Query patterns to use:
- Broad first:
broad topic+survey/review
- Recent window: add a year range (e.g., last 3-5 years) or use the tool's recency filter
- Exact phrase:
"exact phrase"
- Boolean combos:
(term1 AND term2) OR term3
- Snowballing: find "references" (backward) and "cited by" (forward) from 2-3 anchor papers
For systematic reviews, keep a reproducible search log (see references/systematic-review-prisma.md).
Phase 3: Source Discovery & Verification
Discovery Process
Step 1: Foundational Sources
- Search for seminal papers and foundational work
- Look for highly-cited papers (100+ citations)

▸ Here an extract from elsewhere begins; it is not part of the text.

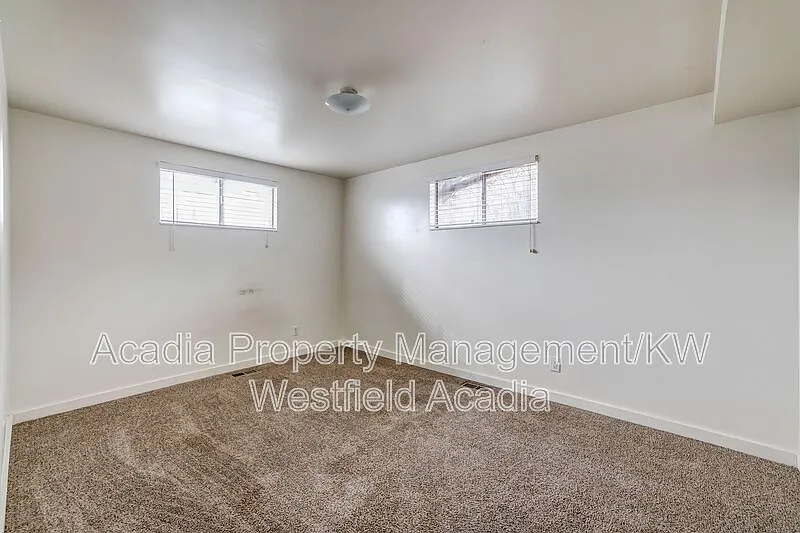 2 bed, 1.0 bath, 900 sqft, $1,290 — Photo 3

- Find survey papers on the topic
Step 2: Recent Work
- Search for papers from last 2-3 years
- Look for "state of the art" reviews
- Find latest developments and advances
Step 3: Related Work
- Papers citing key foundational works
- Papers cited by recent major papers
- Parallel approaches and alternatives
Verification Checklist
For each source, verify:
- Published in peer-reviewed venue (journal, conference)

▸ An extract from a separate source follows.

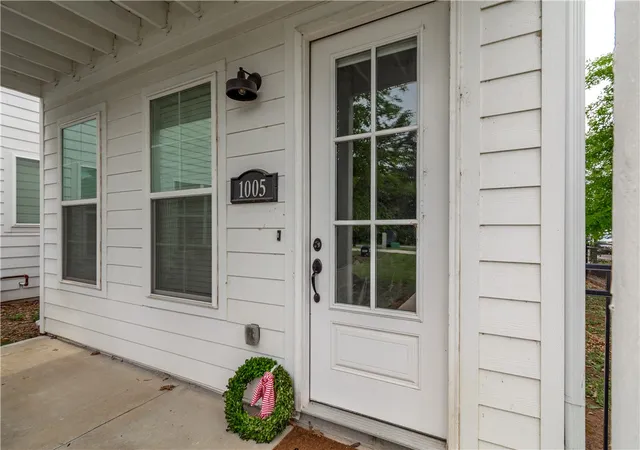 3rd image of 1005 S Hollywood Ave, Fayetteville, AR 72701 | MLS# 1355923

- Author credentials and institutional affiliation
- Publication venue reputation (check Google Scholar metrics, impact factor)
- Citation count indicates impact
- Methodology is sound and described clearly
- Relevance to your research question
Red Flags (Exclude These Sources)
- Predatory journals (check Beall's List or journalquality.info)
- No peer review process
- No institutional affiliation
- Suspiciously high publication volume
- Pay-to-publish without legitimate review
Source Tracking
Create a source database (and keep references.bib as the single source of truth):
## Source [N]
- **Citation Key:** [e.g., smith2023transformers]
- **Title:** [Paper title]
- **Authors:** [Author list]
- **Venue/Year:** [Journal/Conference, Year]
- **Status:** [peer-reviewed / preprint / standard / dataset / software]
- **DOI:** [If available]
- **URL:** [Canonical link]
- **Citations:** [Count + date checked]
- **Relevance:** [High/Medium/Low]
- **Key Points:** [1-3 bullets: what you will cite]
- **Limitations:** [1-2 bullets]
- **Use In:** [Which section of your document]
See references/source-evaluation.md and references/bibliography-workflows.md.
Paper Access Strategy
When you find a relevant paper but cannot access the full text:
-
Check open access first:
- Run
node scripts/resolve-papers.js --doi "10.xxxx/yyyy"to find legal OA versions
- Check arXiv (most CS papers have preprints)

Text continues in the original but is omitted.